No se trata solo de la organización
de las clases, que busca aplanar a todos los alumnos en un intento de alcanzar
ese utópico sueño de igualdad que los niños no comprenden. Además se buscan
cánones y medidas con las que calificar al alumnado, lo cual es totalmente
comprensible y necesario, pero esos cánones son inválidos, anticuados. La
famosa prueba del Cociente Intelectual está muy bien, si lo que quieres es
desmotivar a cientos de niños aparentemente listos a los que, ante la
incomprensión de padres y profesores, los resultados de los testes les cuelgan
una etiqueta con algún eufemismo de “tonto”. La inteligencia no puede ser
medida en base a un simple test, es infinitamente más complejo que eso,
realmente no sabemos medirla y estamos poniendo en peligro el talento de miles
de jóvenes por nuestra ignorancia.
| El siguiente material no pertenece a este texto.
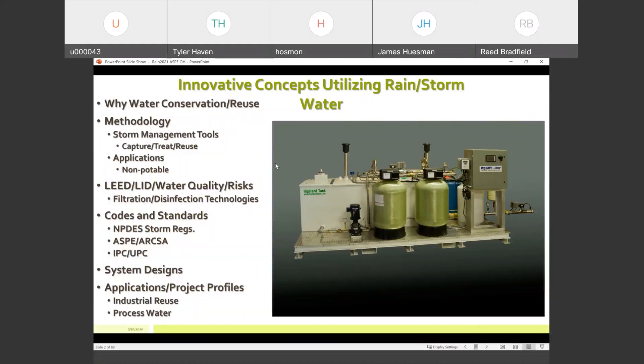As we talked about, today's presentation is going to deal with innovative concepts in rainwater and stormwater design. We've been doing this quite a long time, so we'll talk about some of the pitfalls we've come across and things that have worked in our designs. We'll talk about methodology — why we're going to utilize rainwater as a stormwater harvesting tool.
Hace poco menos de un año escuché al
psicólogo estadounidense Ken Robinson hablar sobre el anacronismo del sistema
educativo, en la entrevista escuché una ingeniosa frase del pedagogo que se
quedó grabada en mi memoria, reforzada muy probablemente por la desconfianza
que ya entonces me generaban los test del CI.
“En realidad, un test de inteligencia solamente sirve para medir la capacidad de hacer test de inteligencia.”
Ken Robinson
Realmente tengo la fuerte
convicción de que toda la civilización como la conocemos gira entorno a la
educación. Existen cientos de teorías de cómo la economía mueve el mundo, la
religión cambia nuestra mentalidad o la política toma las decisiones que varían
el curso de la historia… pero yo creo que lo que realmente condiciona la
sociedad, lo que realmente dibuja nuestro futuro, es la educación que reciben
los niños. Al igual que durante la infancia se forja la personalidad de las
personas, también creo que en las primeras etapas de una generación es cuando se
forma su carácter, sus ideas y su determinación. Tengo absolutamente claro que
la educación pública debe ser la máxima prioridad de cualquier gobierno, por
encima de la economía, la sanidad o la propia sociedad. La educación es una
inversión a largo plazo que asegura el futuro de una nación y la inteligencia
de sus habitantes. Y es que todos los problemas que hoy se nos plantean,
provienen de un quiste social sin solventar, que a su vez proviene de un atasco
en la educación. Si sabemos enseñar a las futuras generaciones, no solo
conocimientos, sino valores e ideales comunes entre todos nosotros, y si
exprimimos su capacidad y su talento para que cada cual desarrolle sus
habilidades de la mejor forma posible… creo que cambiaremos el mundo y creo que
es la única forma posible de hacerlo de verdad.